The key idea is that start and stop are exponents. With the default base 10, start=0 means 10 ** 0, and stop=3 means 10 ** 3.

The most common options are num, base, endpoint, dtype, and axis.

Log-spaced ranges are helpful when small and large values should both be represented. A linear range from 1 to 1000 can skip too quickly past the small end, while a log-spaced range keeps each order of magnitude visible.

Before using logspace(), decide which exponents should be included.
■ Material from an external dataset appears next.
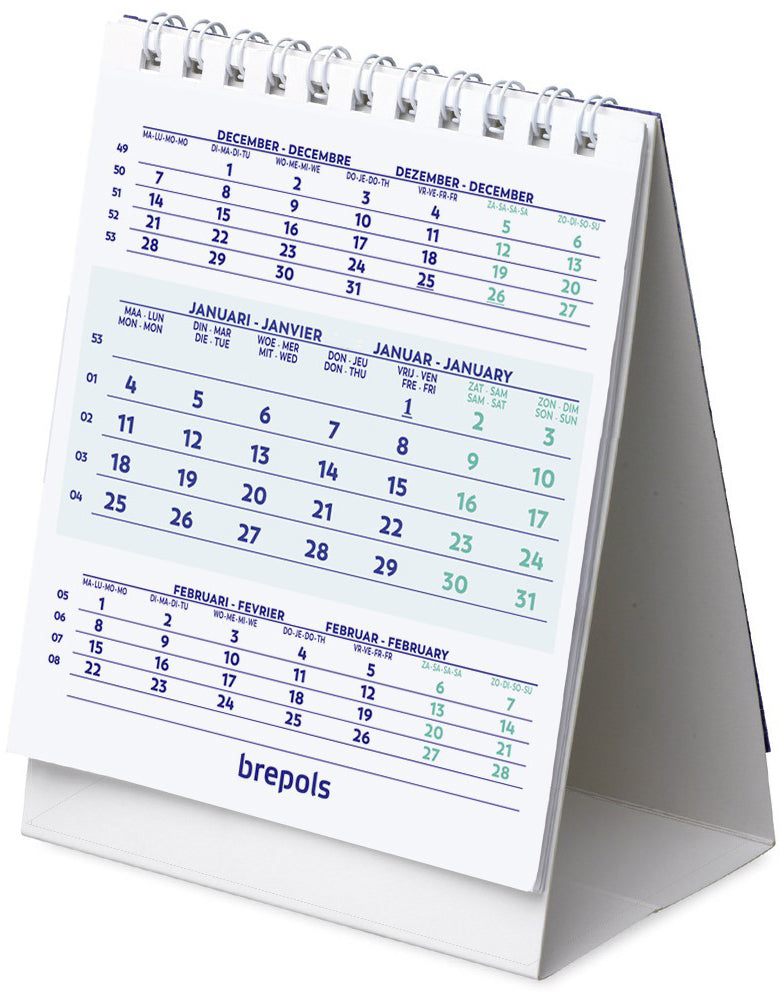 Brepols Tischkalender 2027, 3 Monate/1 Seite, 10,5 × 16,0 cm, Spiralbindung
That is usually easier than guessing final values directly, especially for powers of ten or powers of two.

Create Basic Log-Spaced Values

Use np.logspace(start, stop, num) to create values over powers of ten.

import numpy as np

values = np.logspace(0, 3, num=4)

print(values)

This creates 1, 10, 100, and 1000.

The exponents are evenly spaced from 0 through 3.

Use this form when you need a simple sequence across powers of ten.
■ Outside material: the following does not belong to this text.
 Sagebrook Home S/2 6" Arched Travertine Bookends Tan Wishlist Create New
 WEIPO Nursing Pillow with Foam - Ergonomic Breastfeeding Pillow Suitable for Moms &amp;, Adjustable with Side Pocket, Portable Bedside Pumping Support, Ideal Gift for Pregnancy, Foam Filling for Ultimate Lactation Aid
This pattern is common for plot ticks, synthetic test data, and search grids where the values should increase multiplicatively.

Change The Base

The base argument controls which power base is used.

import numpy as np

values = np.logspace(0, 4, num=5, base=2)

print(values)

This creates powers of two from 2 ** 0 through 2 ** 4.
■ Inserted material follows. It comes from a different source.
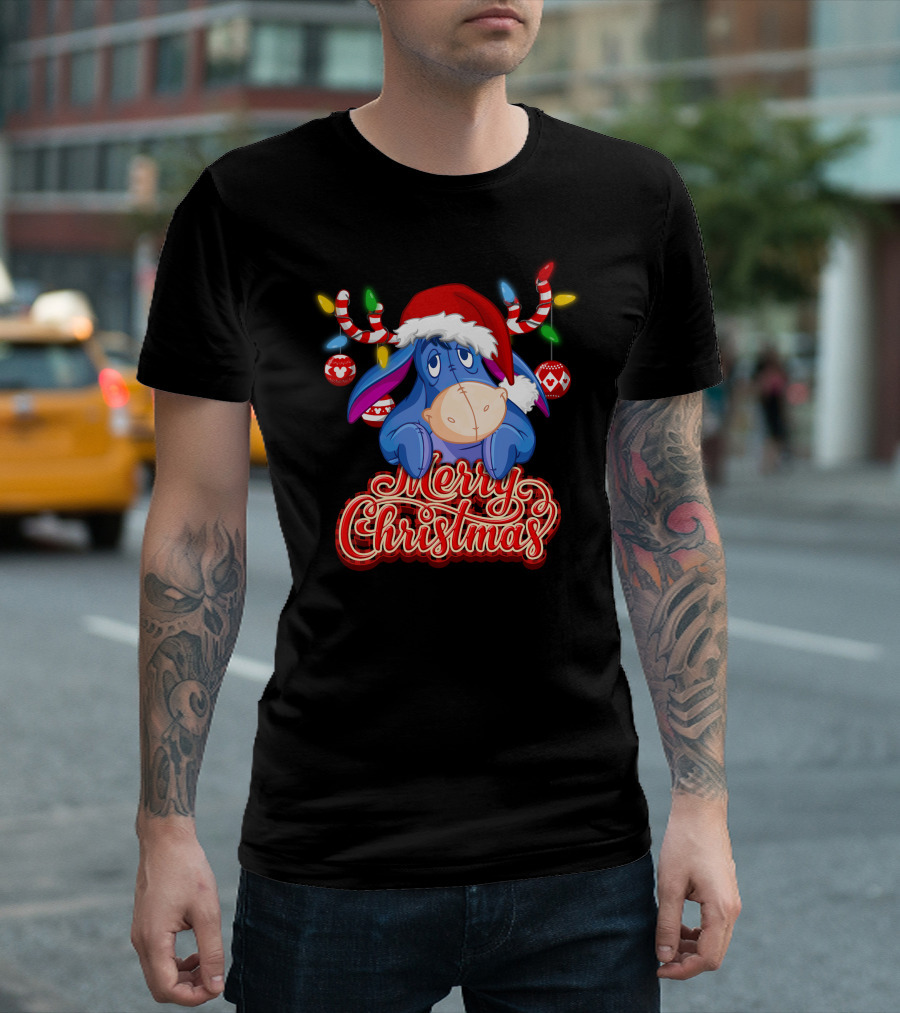 Eeyore Merry Christmas Santa Hat Reindeer Lights T-Shirt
Changing the base is useful for binary scales, growth factors, or domain-specific ranges.

Keep the base clear in reports because the same start and stop exponents produce different final values with a different base.

For example, base ten is natural for decimal orders of magnitude, while base two can be easier to read for sizes, binary growth, or doubling experiments.

Python Pool infographic showing start and stop exponents, base, number of samples, and NumPy logspace
Log endpoints: Start and stop exponents, base, number of samples, and NumPy logspace.

Exclude The Endpoint

Set endpoint=False when the stop exponent should not be included.

import numpy as np

values = np.logspace(0, 3, num=4, endpoint=False)

print(values)

The sequence still has four values, but it stops before the final exponent.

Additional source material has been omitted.